We're just now tuned into racism. My emotions are just super heightened and the only way I can get them out is to draw. I'll always represent women, and from my viewpoint, it's women taking a stance and being positive against racism.
Last week, I protested and saw a bunch of people in solidarity, standing up for what they genuinely believe is horrible and wrong. And I felt empowered by that. I drew three women and put them in beautiful dresses because this is a new revolution, and it doesn't look like it did before the civil rights movement. People look and feel differently, so I wanted to make sure that they were represented differently. I want to make sure that the women I'm drawing look as strong as women want to feel.
I haven't even read all of the comments yet. I'm just digesting the impact that this one image had — it reached over 421,000 people and I gained 13,350 new followers from it.

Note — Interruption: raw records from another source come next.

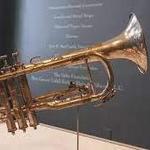 New Orleans Jazz Museum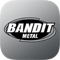 Bandit Metal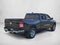 2022 RAM 1500 Big Horn 4x2 Crew Cab 6'4" Box
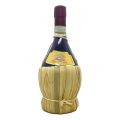 Sensi Dalcampo Chianti DOCG 750mL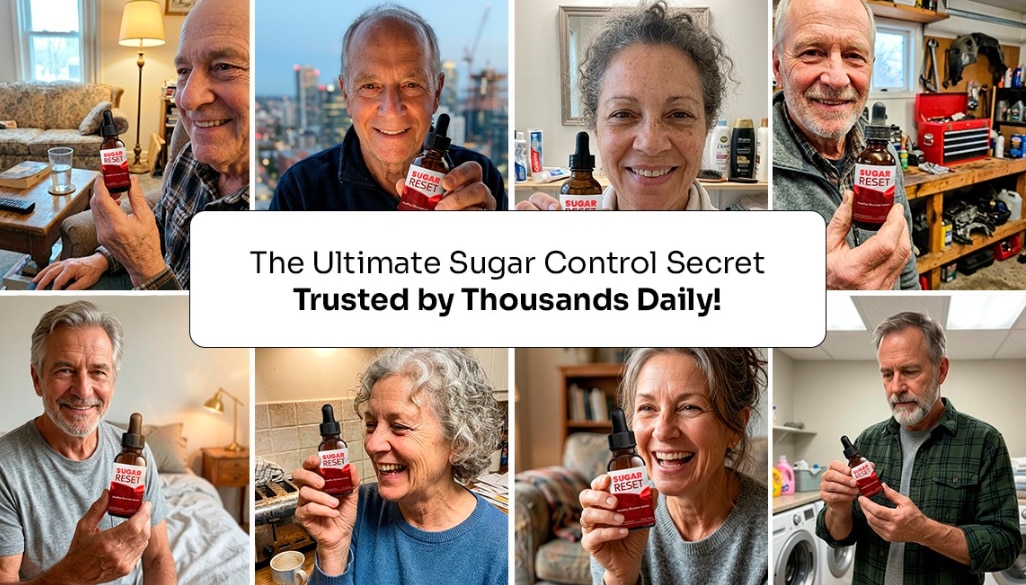Sugar Reset Reviews

❗❗❤️Shop Now❤️❗❗

https://sites.google.com/view/sugar-reset-diet/


Sugar Reset...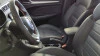 MG ZS 1.5 Luxury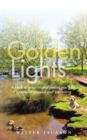 Image for Golden Lights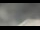 Webcam in Siouville-Hague, 51.4 km entfernt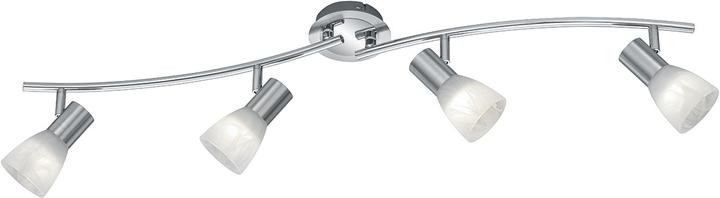 Image du produit Trio Levisto (470 lm, E14)
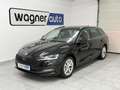 Skoda Octavia Combi 2,0 TDI 4x4 Style DSG.Matrix LED/ACC/Navi... Schwarz - thumbnail 2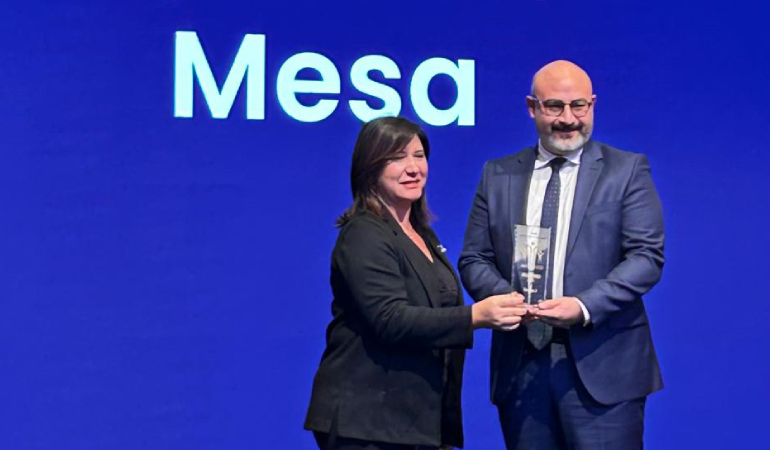 Yeni Proje - 2025-12-11T104423.492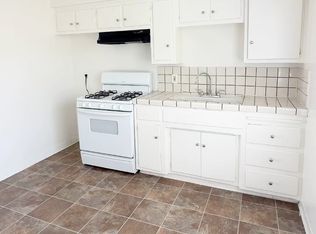 4340 Columbus St #A, Bakersfield, CA 93306
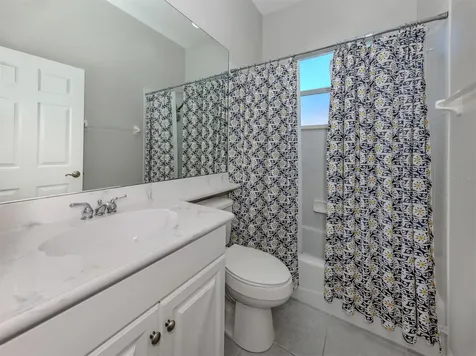 111 Wayforest Drive Venice FL 34292
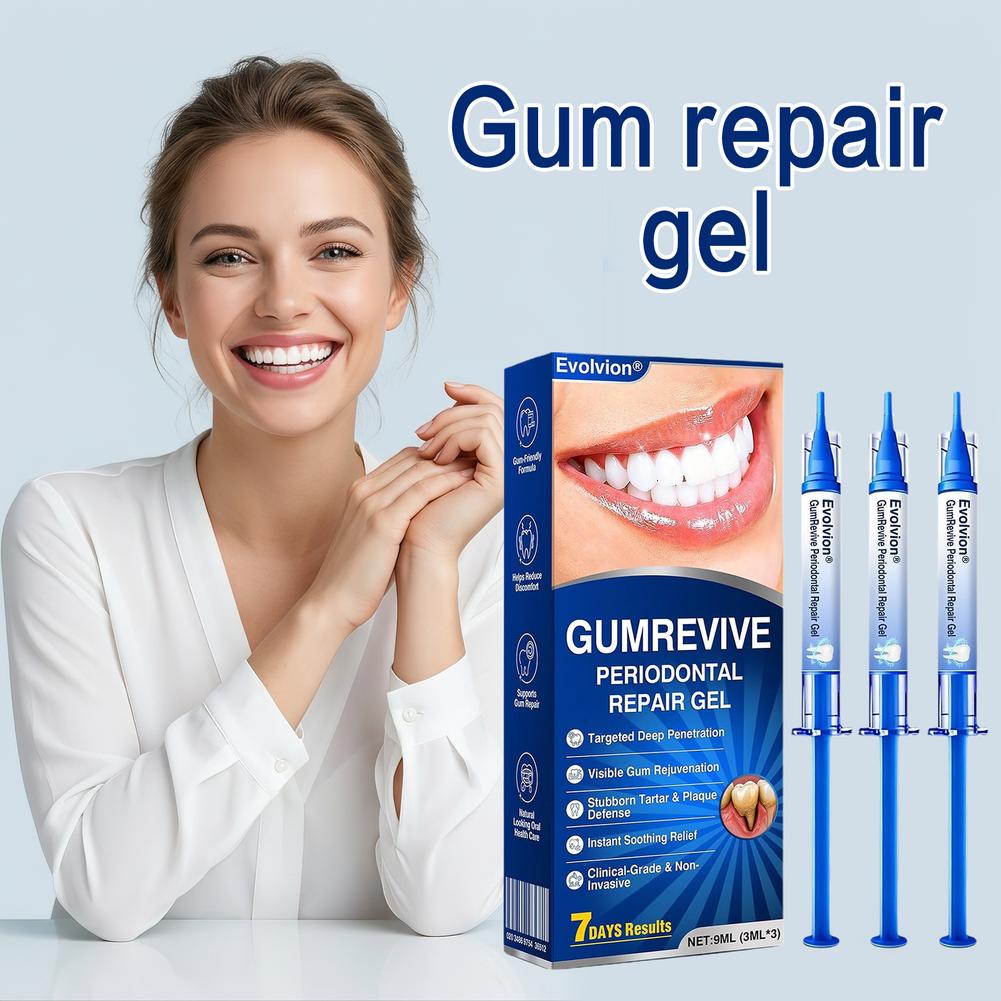 3mlx3 껌 케어 젤 치주 복구 젤 플라크 및 치석  - Teeth Whitening Gel Peroxide 리뷰 및 가격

A friend of mine texted me, "I looked at your post and I cried. I've been feeling so many things and I've been feeling so helpless, but something about this image makes me feel strong." I can't wrap my mind around somebody feeling that strongly about my work.
Sometimes I don't know how to express myself. And I'm blown away by the fact that the things that I'm drawing are actually translating to people the way I want it to. It gives people another outlet because not everyone has the words. So if this is a way for them to represent themselves and I'm able to give that to them, that's powerful. That's impactful.
These interviews have been edited and condensed for clarity.